Available data:
-*-*-
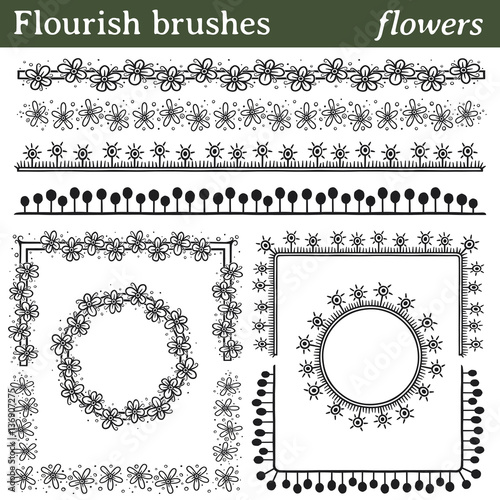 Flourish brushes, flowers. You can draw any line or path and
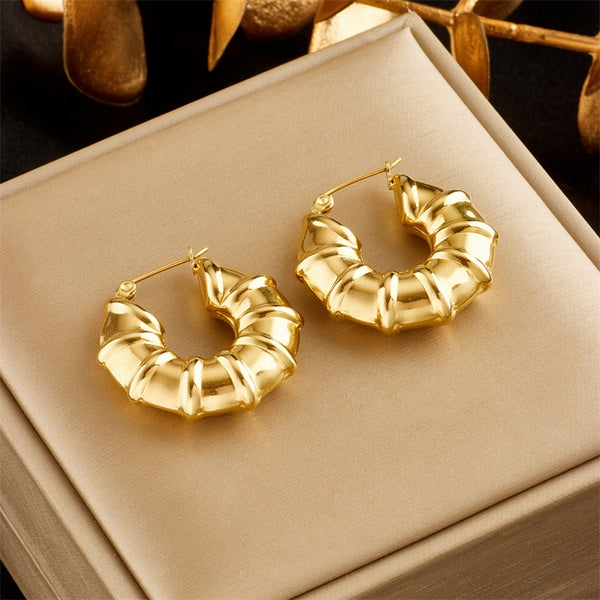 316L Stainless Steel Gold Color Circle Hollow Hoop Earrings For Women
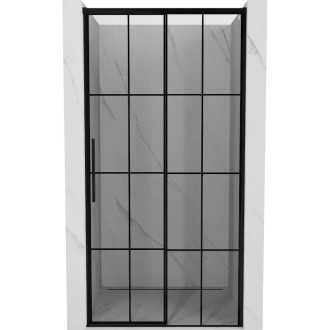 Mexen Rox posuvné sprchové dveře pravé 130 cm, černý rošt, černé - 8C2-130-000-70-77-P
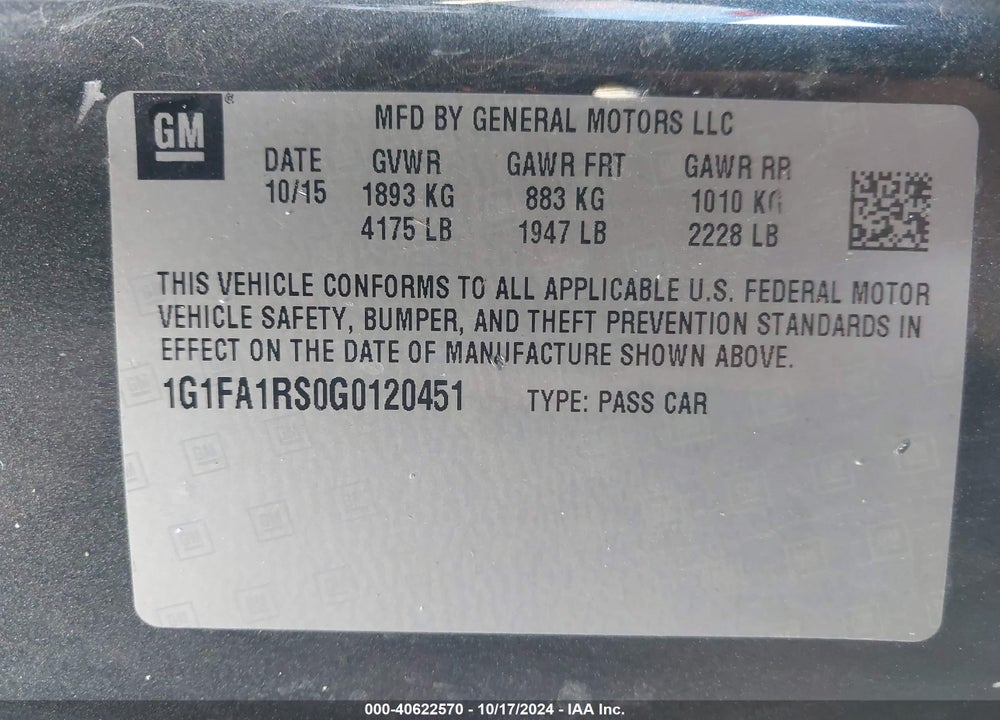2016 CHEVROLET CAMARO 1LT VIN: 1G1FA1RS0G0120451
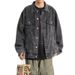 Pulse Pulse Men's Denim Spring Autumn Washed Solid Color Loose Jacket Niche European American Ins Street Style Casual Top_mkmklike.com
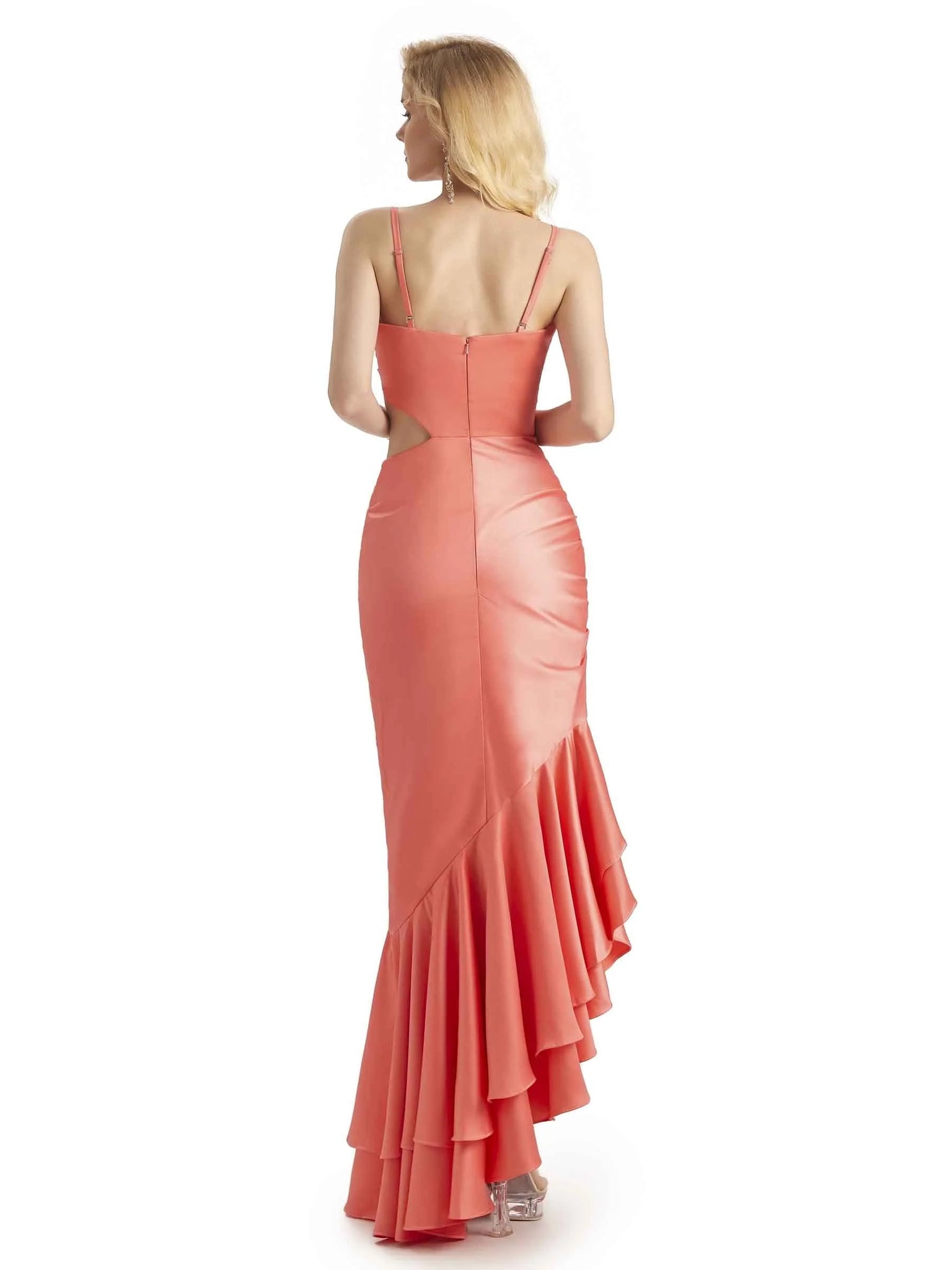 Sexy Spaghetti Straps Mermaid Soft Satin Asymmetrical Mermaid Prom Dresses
-*-*-
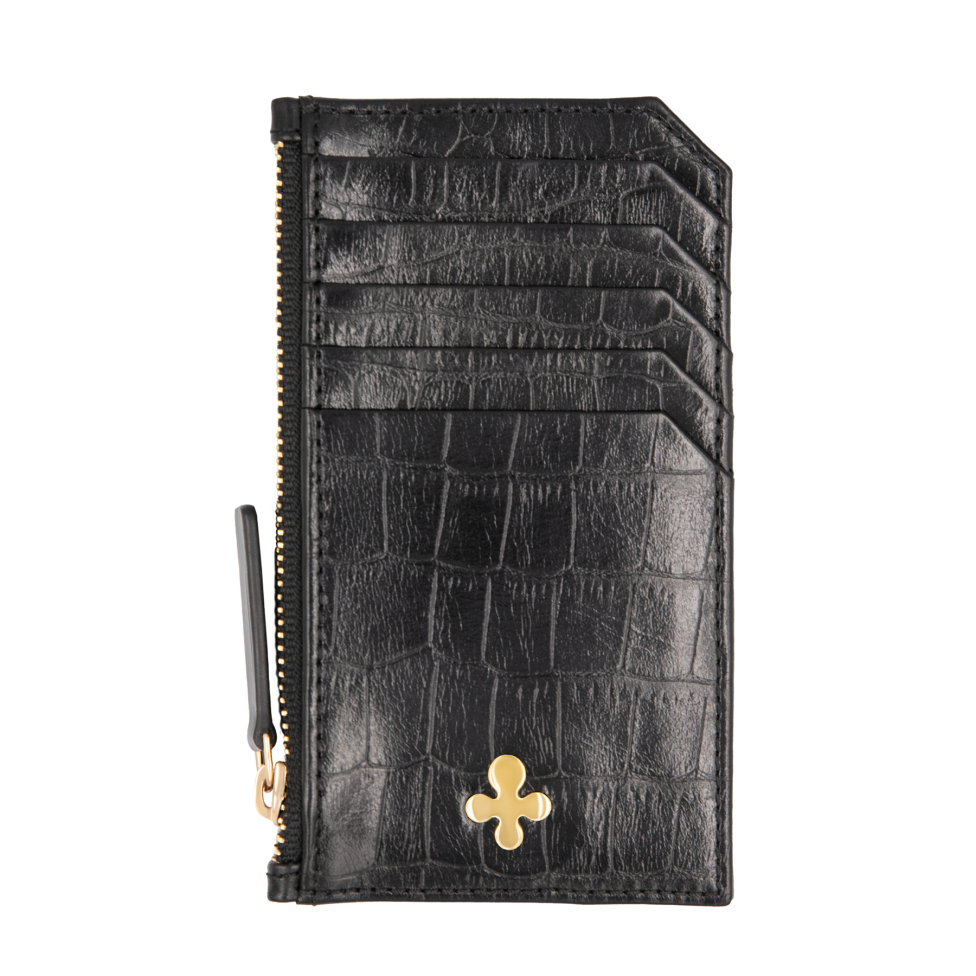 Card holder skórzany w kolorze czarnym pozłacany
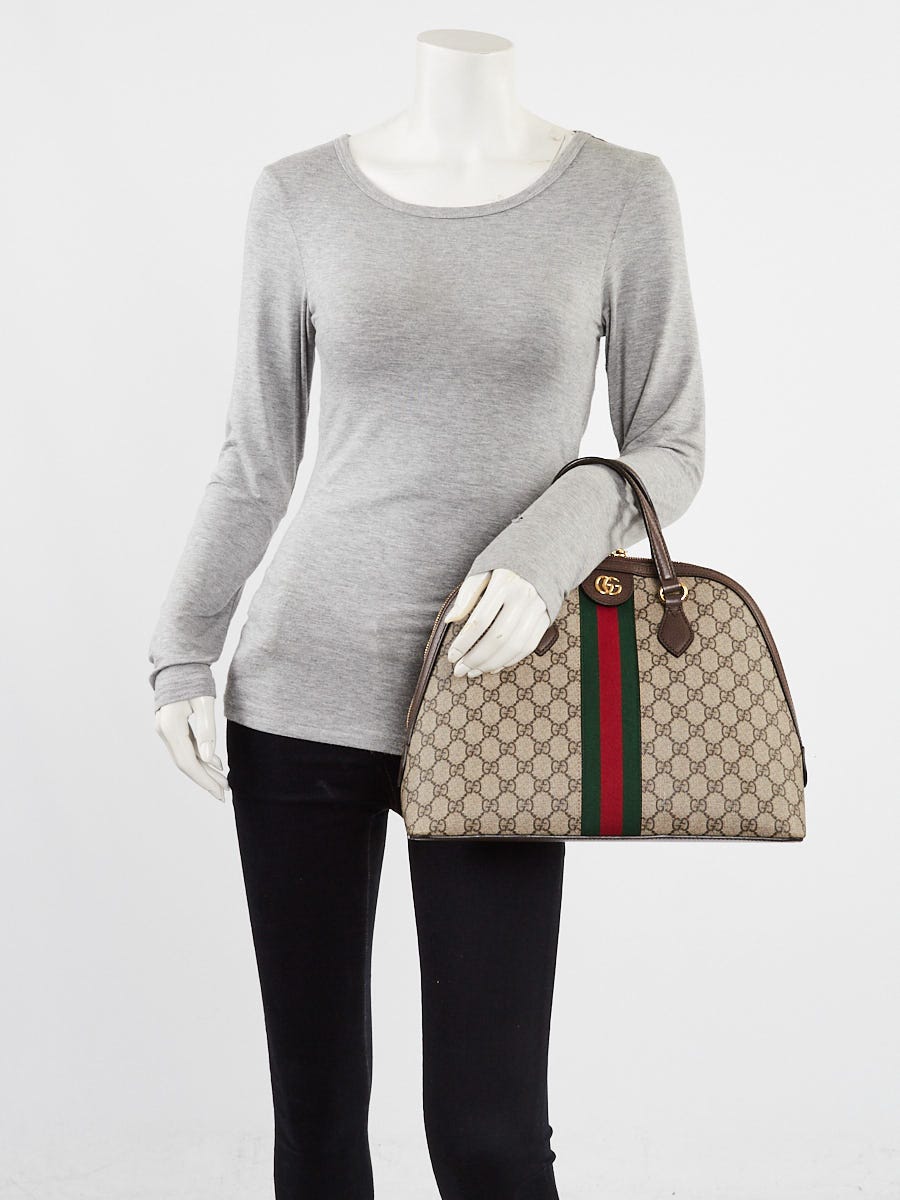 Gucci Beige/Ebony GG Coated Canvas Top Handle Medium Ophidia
-*-*-
Whatever pictures the records hold, omit them; give again exactly the lines from the one containing "2016 CHEVROLET CAMARO" through the one containing "Sexy Spaghetti Straps".

Task solution:
2016 CHEVROLET CAMARO 1LT VIN: 1G1FA1RS0G0120451
 Pulse Pulse Men's Denim Spring Autumn Washed Solid Color Loose Jacket Niche European American Ins Street Style Casual Top_mkmklike.com
 Sexy Spaghetti Straps Mermaid Soft Satin Asymmetrical Mermaid Prom Dresses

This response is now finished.